» **AIM OF THE TASK**
Write down exactly the lines of the records below, beginning with the first and ending with the line that includes "Navajo Sterling Silver".

[Start of section]

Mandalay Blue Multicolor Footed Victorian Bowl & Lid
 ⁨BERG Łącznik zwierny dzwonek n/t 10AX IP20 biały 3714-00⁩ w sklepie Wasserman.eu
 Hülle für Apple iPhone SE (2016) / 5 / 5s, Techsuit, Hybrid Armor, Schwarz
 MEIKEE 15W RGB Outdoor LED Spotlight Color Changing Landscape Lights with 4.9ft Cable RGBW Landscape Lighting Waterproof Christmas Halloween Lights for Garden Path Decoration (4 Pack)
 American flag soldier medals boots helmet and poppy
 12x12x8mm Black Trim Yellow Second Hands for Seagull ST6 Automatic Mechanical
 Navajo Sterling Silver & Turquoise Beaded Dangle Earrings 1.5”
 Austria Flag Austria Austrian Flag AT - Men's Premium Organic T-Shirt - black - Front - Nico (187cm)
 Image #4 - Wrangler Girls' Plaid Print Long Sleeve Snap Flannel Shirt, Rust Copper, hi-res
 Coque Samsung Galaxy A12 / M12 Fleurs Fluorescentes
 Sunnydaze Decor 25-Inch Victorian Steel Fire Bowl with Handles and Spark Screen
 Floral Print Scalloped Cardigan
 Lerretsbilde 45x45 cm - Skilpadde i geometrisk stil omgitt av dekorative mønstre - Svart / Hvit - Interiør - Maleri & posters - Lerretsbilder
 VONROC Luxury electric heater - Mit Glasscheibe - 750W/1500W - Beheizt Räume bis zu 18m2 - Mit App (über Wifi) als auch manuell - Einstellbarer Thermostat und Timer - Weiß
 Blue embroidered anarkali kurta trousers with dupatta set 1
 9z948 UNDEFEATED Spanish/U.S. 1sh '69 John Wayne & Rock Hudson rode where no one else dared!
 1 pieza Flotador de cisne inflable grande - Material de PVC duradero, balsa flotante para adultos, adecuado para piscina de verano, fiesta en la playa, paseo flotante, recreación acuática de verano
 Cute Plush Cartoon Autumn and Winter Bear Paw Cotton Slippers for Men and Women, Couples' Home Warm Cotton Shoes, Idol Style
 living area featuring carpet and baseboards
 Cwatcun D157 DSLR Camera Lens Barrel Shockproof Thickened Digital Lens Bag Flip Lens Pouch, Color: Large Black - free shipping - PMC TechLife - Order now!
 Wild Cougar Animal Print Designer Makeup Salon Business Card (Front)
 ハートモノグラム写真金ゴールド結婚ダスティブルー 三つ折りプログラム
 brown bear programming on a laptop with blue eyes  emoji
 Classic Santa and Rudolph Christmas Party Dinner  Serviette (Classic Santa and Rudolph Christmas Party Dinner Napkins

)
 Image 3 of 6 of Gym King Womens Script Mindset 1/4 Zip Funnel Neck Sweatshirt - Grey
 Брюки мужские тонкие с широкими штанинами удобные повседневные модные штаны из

[End of section]

» **EXERCISE RESPONSE**
Mandalay Blue Multicolor Footed Victorian Bowl & Lid
 ⁨BERG Łącznik zwierny dzwonek n/t 10AX IP20 biały 3714-00⁩ w sklepie Wasserman.eu
 Hülle für Apple iPhone SE (2016) / 5 / 5s, Techsuit, Hybrid Armor, Schwarz
 MEIKEE 15W RGB Outdoor LED Spotlight Color Changing Landscape Lights with 4.9ft Cable RGBW Landscape Lighting Waterproof Christmas Halloween Lights for Garden Path Decoration (4 Pack)
 American flag soldier medals boots helmet and poppy
 12x12x8mm Black Trim Yellow Second Hands for Seagull ST6 Automatic Mechanical
 Navajo Sterling Silver & Turquoise Beaded Dangle Earrings 1.5”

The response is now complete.